Two to be Presented by University, Two by the Institute of Technology, and one by the Architectural Club

NO WRITER ATTRIBUTED

The University, the Massachusetts Institute of Technology, and the Boston Architectural Club have combined to offer a series of prizes to any student in design who is now in one of the above institutions or who has ever been connected with one of them. Five competitions will be held this year, with a first prize of $50 and a second of $25. On each of five Friday afternoons, of which only two dates, November 16 and 30, have as yet been set, a problem will be given out at 5 o'clock. The final drawings and solutions are to be handed in by the following Monday at 9 o'clock in the morning.

A gift of Mr. Charles A. Coolidge '81, the builder of Leland Stanford University at California, has made it possible for the University to give two of the five prizes. M. I. T. will give two and the Architectural Club will give the fifth. The University prizes will be named in honor of the late Dean H. Langford Warren L.'02 and the late Charles Eliot '82. The prizes of M. I. T. will be known as the Despradelle and the Ware prizes.
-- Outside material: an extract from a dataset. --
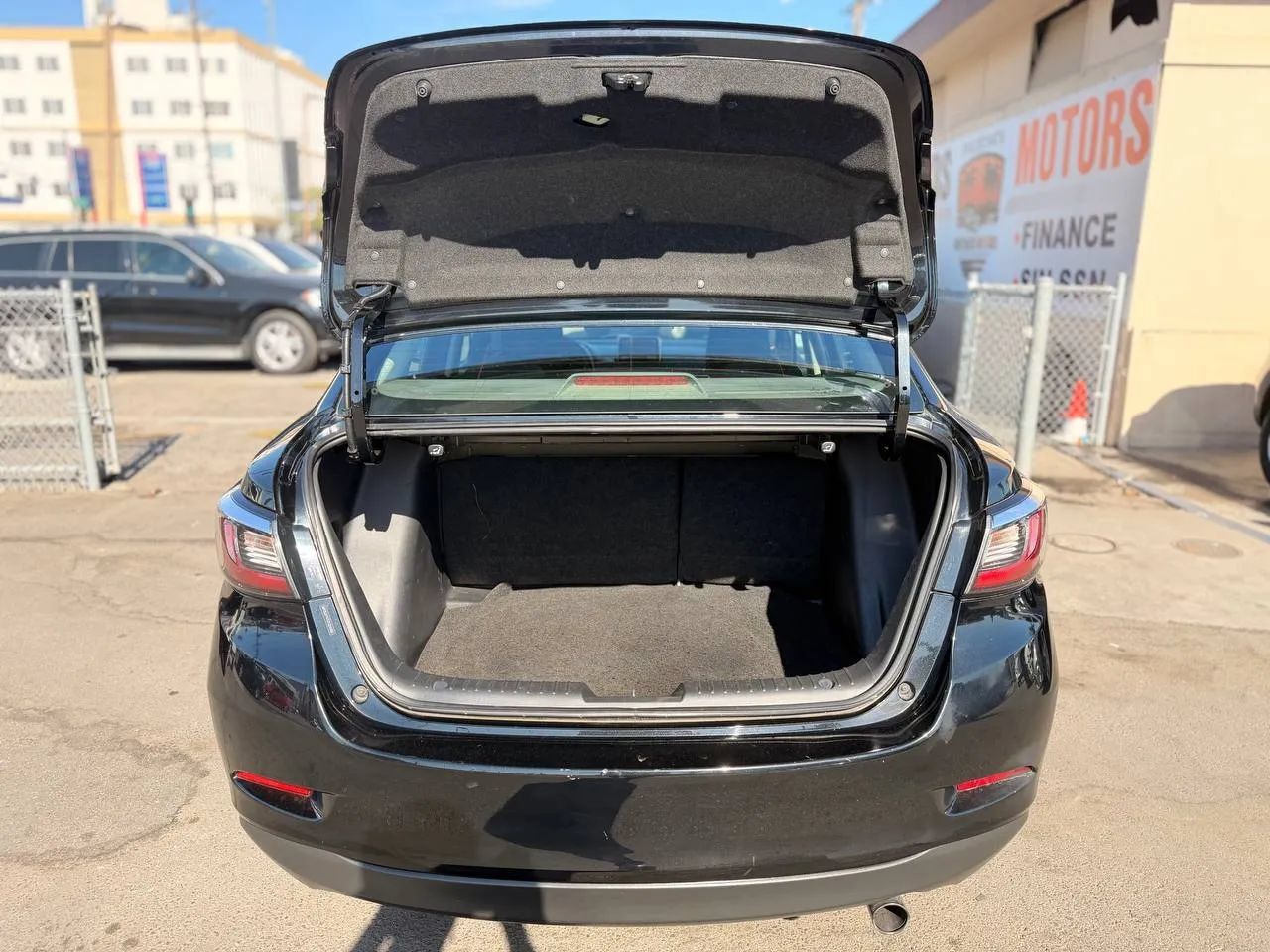 Used 2018 Toyota Yaris iA FWD image 31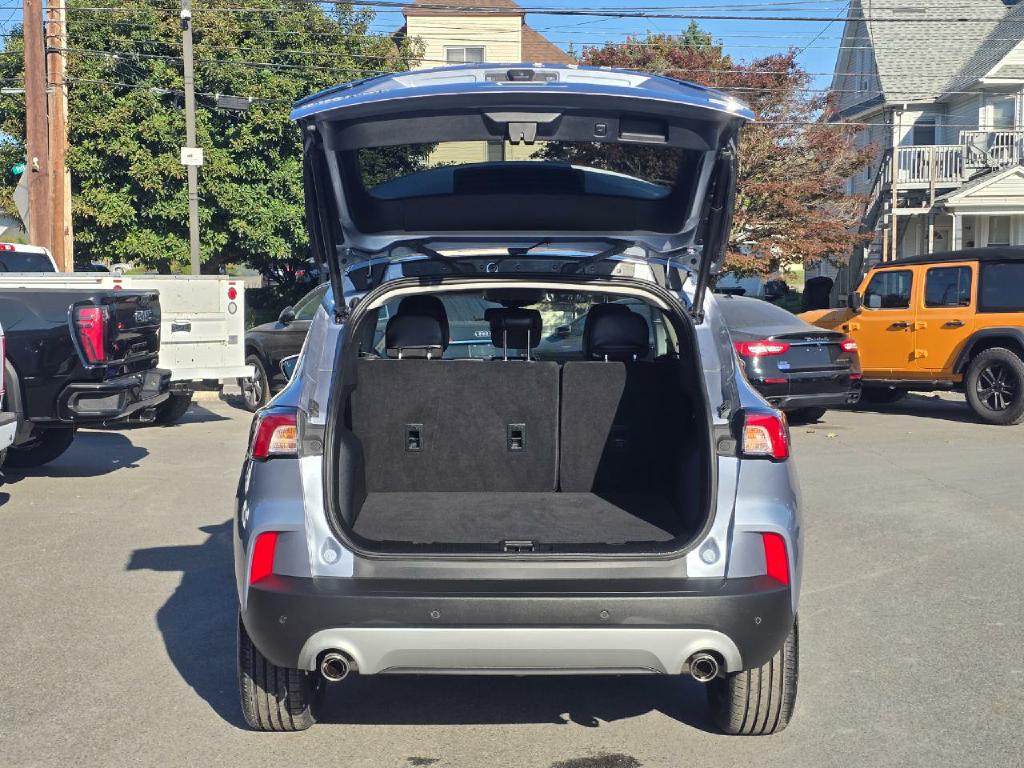Photo 18 of this FORD ESCAPE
By opening these competition to all men who have been connected with any of the institutions, it is hoped to attack graduates of the schools who are working in architects' offices in Boston and its vicinity, and to get them to participate in one or more of the competitions in their own schools. One of the most valuable features of the Beaux-Arts in Paris is the way in which graduates of the ateliers often return to take an occasional problem given to the students in the School. These graduates are known as "ancients", and, by returning to their ateliers, they give the younger men the benefit of their experience in offices. Some substitute for this system is badly needed in the United States, and it is with this idea in mind that the present scheme has been evolved.

The competitions will be outside of the regular curriculum. No student in the schools will be forced to participate, though the advance men in design will be invited to do so. Certain academic credit will, however, be given for successful solutions of the problems by undergraduates, even though the drawings do not win prizes.